38 Obed-Edom nu, met hunlieder broederen, waren acht en zestig; en hij stelde Obed-Edom, den zoon van Jeduthun, en Hosa, tot poortiers;
[Lasciò] ancora Obed-Edom, figliuolo di Iedutun, ed Hosa, co' lor fratelli, [in numero di] sessantotto.
39 En den priester Zadok, en zijn broederen, de priesters, voor den tabernakel des HEEREN op de hoogte, welke te Gibeon is;
[Lasciò] eziandio il sacerdote Sadoc, co' sacerdoti suoi fratelli, davanti al Tabernacolo del Signore, nell'alto luogo ch' [era] in Gabaon;
40 Om den HEERE de brandofferen geduriglijk te offeren op het brandofferaltaar, des morgens en des avonds; en zulks naar alles, wat er geschreven staat in de wet des HEEREN, die Hij Israel geboden had.
per offerir del continuo, sera e mattina, olocausti al Signore sopra l'Altare degli olocausti; e per [far] tutto quello che è scritto nella Legge del Signore, la quale egli ha data ad Israele.
41 En met hen Heman en Jeduthun, en de overige uitgelezenen, die met namen uitgedrukt zijn om den HEERE te loven; want Zijn goedertierenheid is tot in der eeuwigheid.
E con loro, [erano] Heman, e Iedutun, e gli altri ch'erano stati eletti, e nominatamente ordinati per celebrare il Signore perciocchè la sua benignità [è] in eterno;
42 Met hen dan waren Heman en Jeduthun, met trompetten en cimbalen voor degenen, die zich lieten horen, en met instrumenten der muziek Gods; maar de zonen van Jeduthun waren aan de poort.

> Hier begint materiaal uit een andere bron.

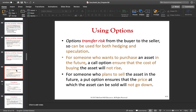For hedging: someone who wants to purchase an asset in the future can use a call option to ensure the cost of buying that asset will not rise beyond their budget. For example, an airline — the major cost factor for an airline is kerosene, which is derived from oil. So the price of kerosene and the price of oil are highly correlated, just like gasoline and oil prices. Airlines constantly need to purchase kerosene, and a big problem would be if the oil price increases and kerosene suddenly becomes very expensive.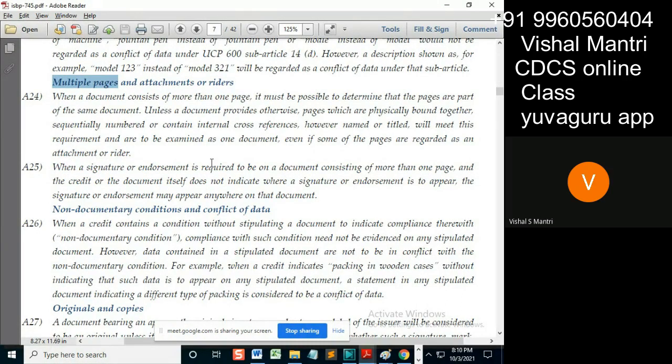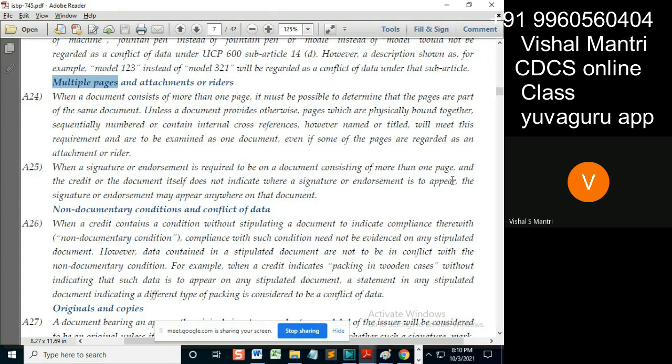Signature is required on a document consisting of more than one page and the credit or the document itself does not indicate where the signature or endorsement is to appear. The signature or endorsement may appear anywhere on the document. Means a five-page document.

[erano, dico], con loro Heman, e Iedutun, [con] trombe, e [con] cembali, per li sonatori, e [con altri] strumenti della musica di Dio. E i figliuoli di Iedutun aveano la cura della porta.
43 Alzo toog het ganse volk henen, een iegelijk in zijn huis; en David keerde zich, om zijn huis te gaan zegenen.
Poi tutto il popolo se ne andò, ciascuno a casa sua. E Davide se ne ritornò per benedire la casa sua.